▶ About this exercise
Your task is to repeat the entries underneath exactly, minus the pictures.

>>>

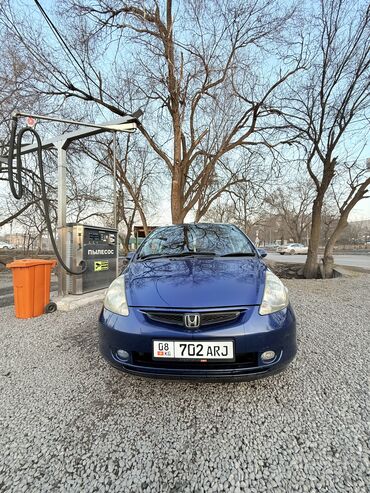 Honda: Honda Fit: 2003 г., 1.5 л, Типтроник, Бензин, Хэтчбэк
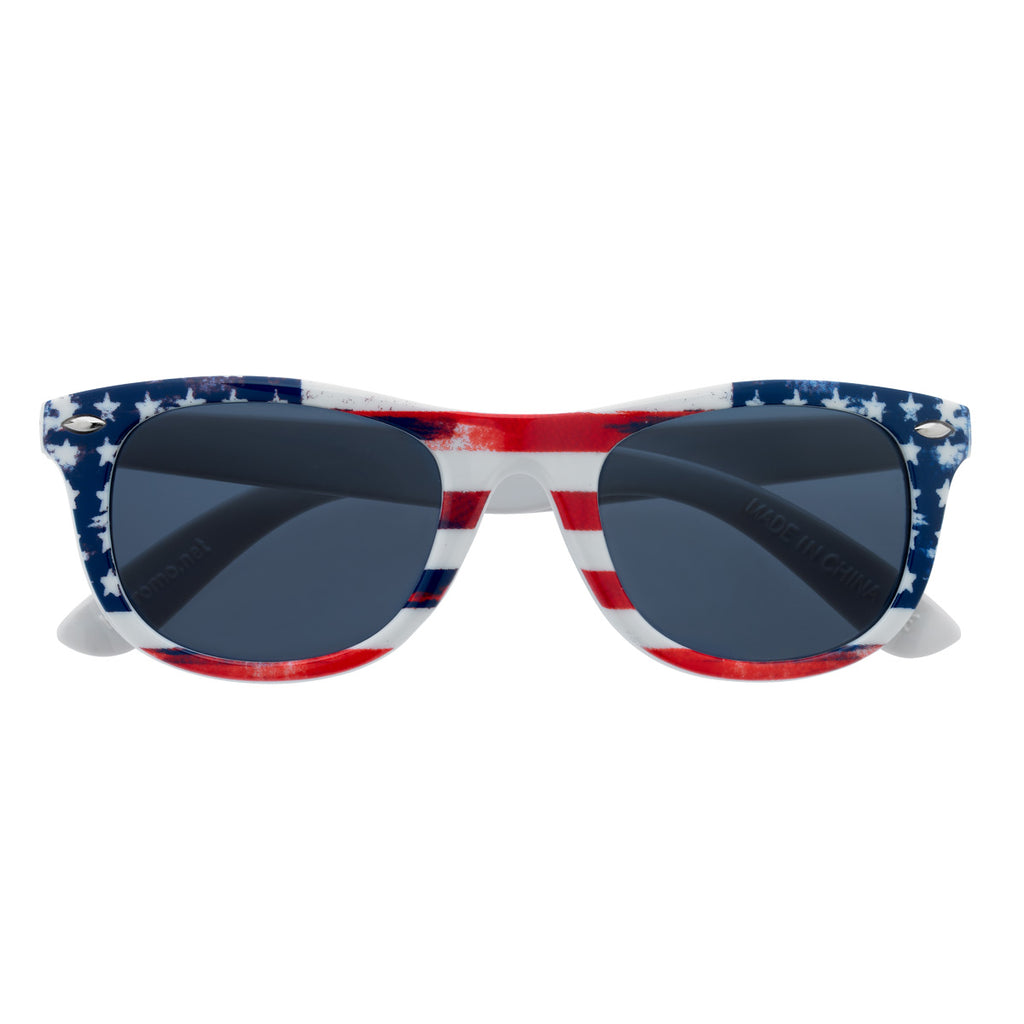 Patriotic Sunglasses, Malibu - Front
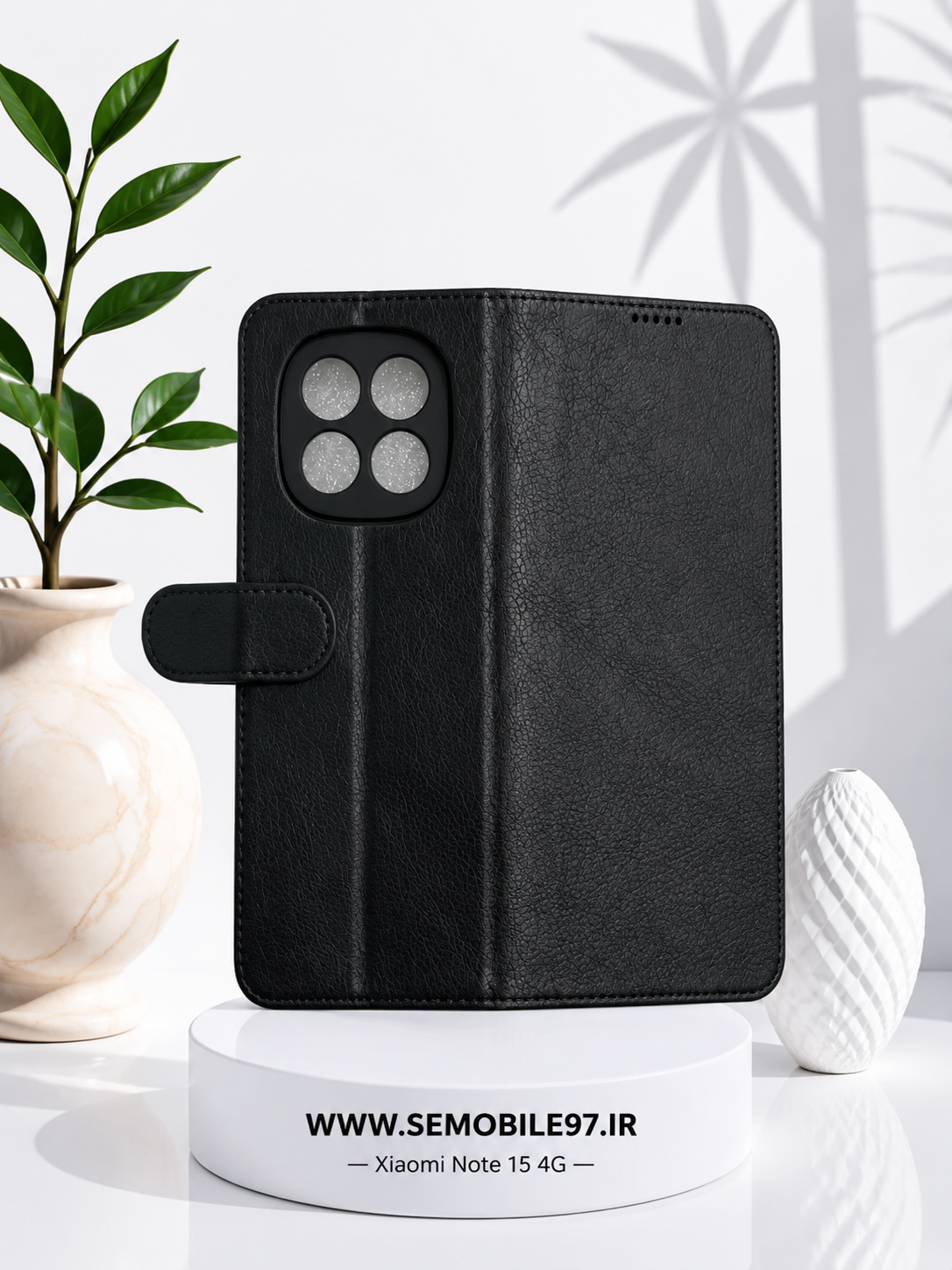 کیف گوشی Redmi Note 15 4G مدل شیائومی مدل کلاسوری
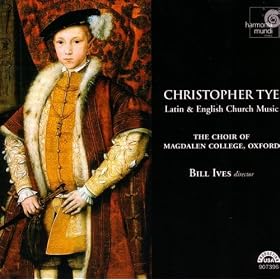 Christopher Tye: Latin & English Church Music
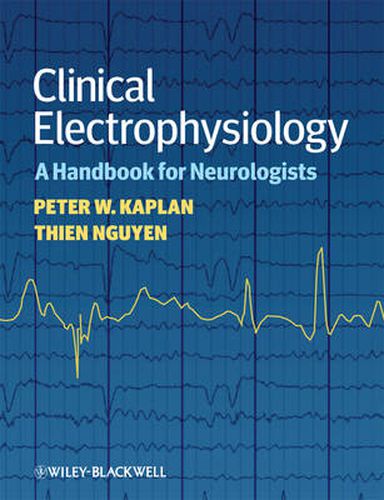 Cover image for Clinical Electrophysiology: A Handbook for Neurologists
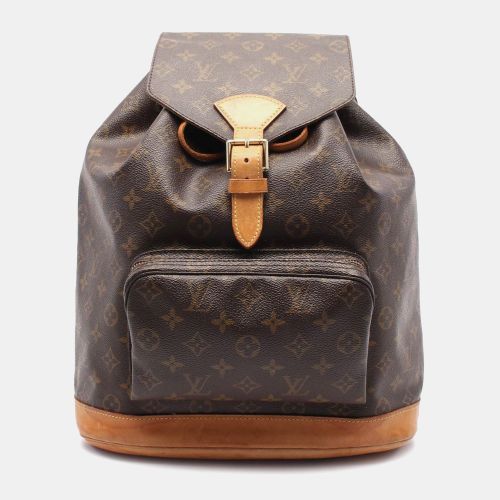 Monogram Montsouris GM Bag - Louis Vuitton - Modalova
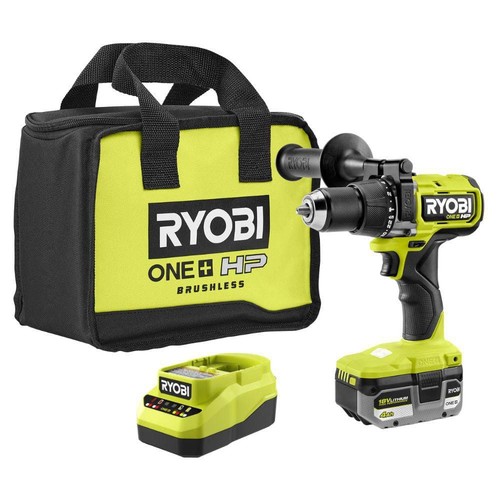 Ryobi one 18v brushless - one+, hp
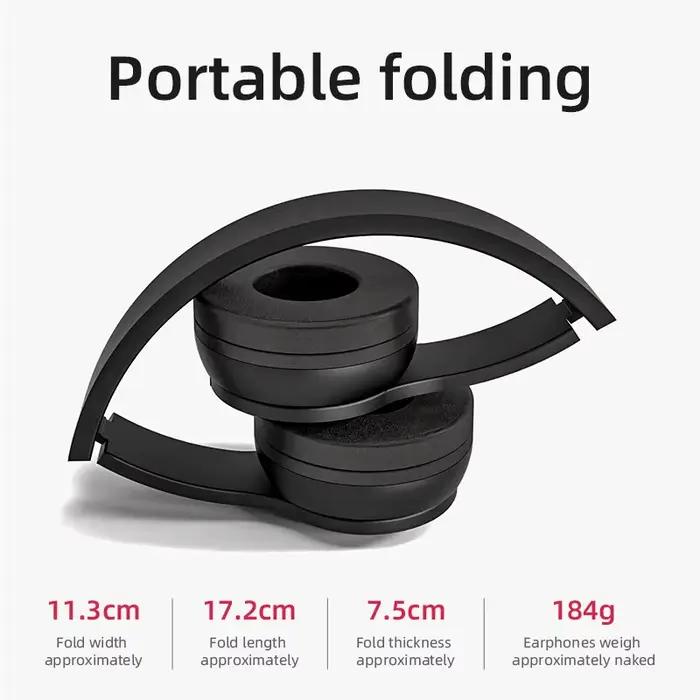 Écouteurs sans fil P47 bluetooth 5.0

<<<

▶ Answer area
 Honda: Honda Fit: 2003 г., 1.5 л, Типтроник, Бензин, Хэтчбэк
 Patriotic Sunglasses, Malibu - Front
 کیف گوشی Redmi Note 15 4G مدل شیائومی مدل کلاسوری
 Christopher Tye: Latin & English Church Music
 Cover image for Clinical Electrophysiology: A Handbook for Neurologists
 Monogram Montsouris GM Bag - Louis Vuitton - Modalova
 Ryobi one 18v brushless - one+, hp
 Écouteurs sans fil P47 bluetooth 5.0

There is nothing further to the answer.